Late Monday, the Trump Organization made available a translated statement from its Panamanian lawyers, Britton & Iglesias, insisting that the letter to Varela was not an attempt to pressure him "or any other official of the government of Panama." The law firm said its appeal to Panama's government was "very common" and that it had not even informed Trump Organization officials of the move beforehand.
Five days after the law firm urged Varela's intervention, however, a court arbitrator ruled against reinstating the previous management, even though he agreed that Trump's company should not have been evicted while arbitration was ongoing.
A source in Varela's office who was not authorized to comment publicly confirmed receipt of the letter but his office did not respond to calls for comment.

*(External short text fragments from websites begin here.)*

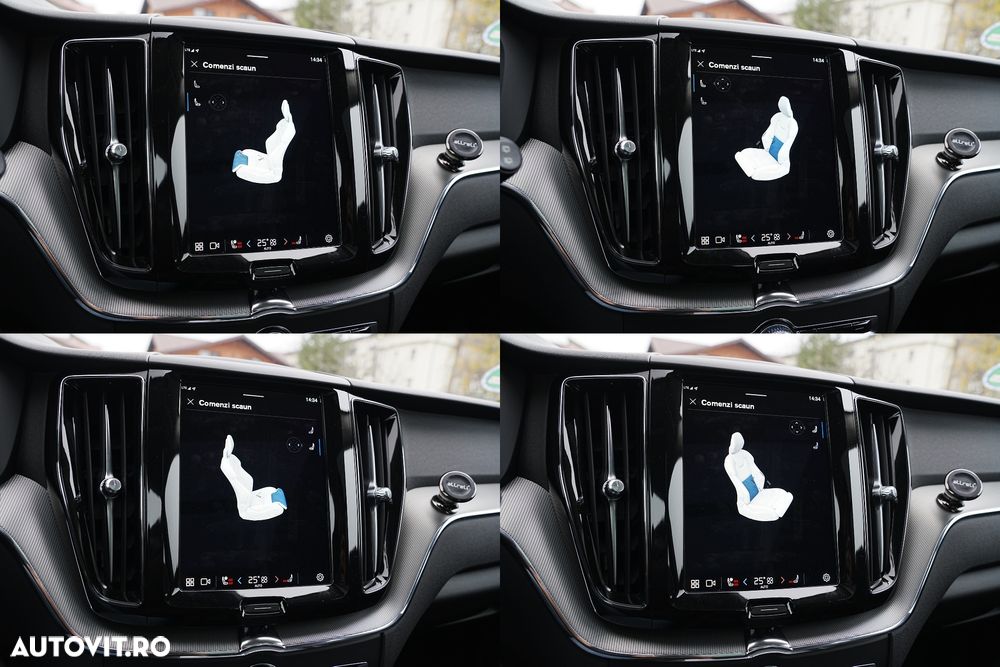 Volvo XC 60 Recharge T6 Twin Engine eAWD Inscription Expression - 10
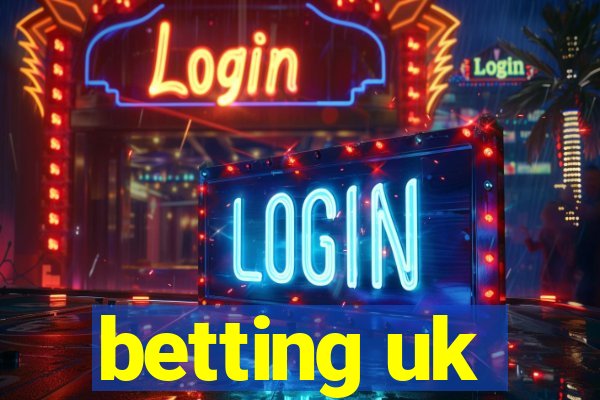 betting uk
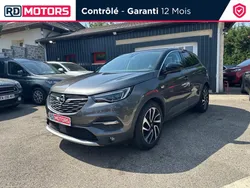OPEL GRANDLAND X 1.6 Turbo 180 ch BVA8 Elite - VÉHICULE CONTROLÉ/GARANTI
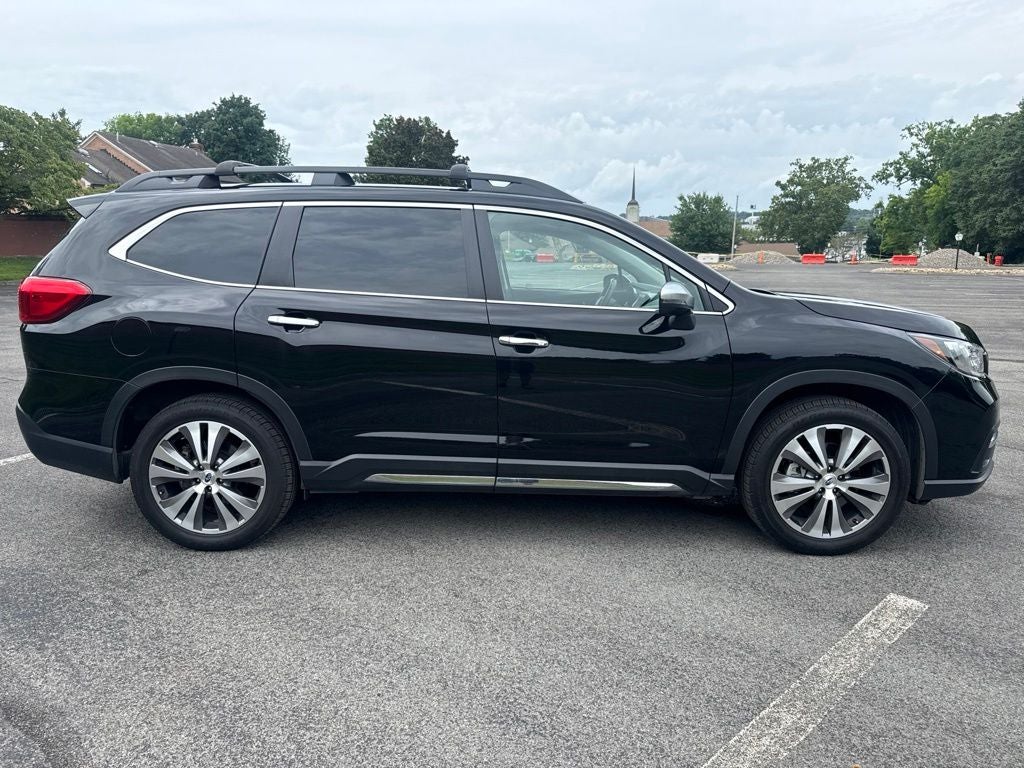 2020 Subaru Ascent Touring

Panama's foreign secretary, Isabel de Saint Malo, who also received a copy of the letter, said Monday: "I don't believe the executive branch has a position to take while the issue is in the judicial process."
The White House referred all questions to the Trump Organization, which did not respond until late Monday night.
Even if Trump was not directly involved in the dispute, his company's citation of the treaty and its appeal to Varela "implicitly traded on President Trump's name and power," said University of Minnesota political governance expert Lawrence Jacobs.
Despite frequent ethics complaints from critics and three current lawsuits accusing him of accepting gifts from foreign and state governments, Trump has clung to constitutional precedence holding that presidents are mostly immune from conflict-of-interest laws.
While most previous presidents have divested some financial assets and placed others in "blind trusts" they could not control during their tenures, Trump kept total control of the Trump Organization but ceded day-to-day management to two of his sons, Donald Jr. and Eric.
Brian said she and other ethicists worry that "this sets a low bar of standards for future presidents."
The bitter standoff in Panama began in October when the owners of the hotel — which was run by Trump under a management agreement — sought to fire his company, citing damage to Trump's brand and mismanagement by hotel officials. But the Trump Organization disputed its termination as illegitimate and refused to hand over the property.
It came to a head in early March, when Panamanian judicial officials sided with majority owner Orestes Fintiklis and a justice of the peace backed by police officers ordered the Trump management team to vacate the property. Workers immediately scrubbed Trump's signage from the hotel and renamed it The Bahia Grand Panama.
The emergency arbitration decision late last month said the case should have remained in arbitration and never gone to Panamanian courts. Both sides continue fighting over who violated the hotel management contract.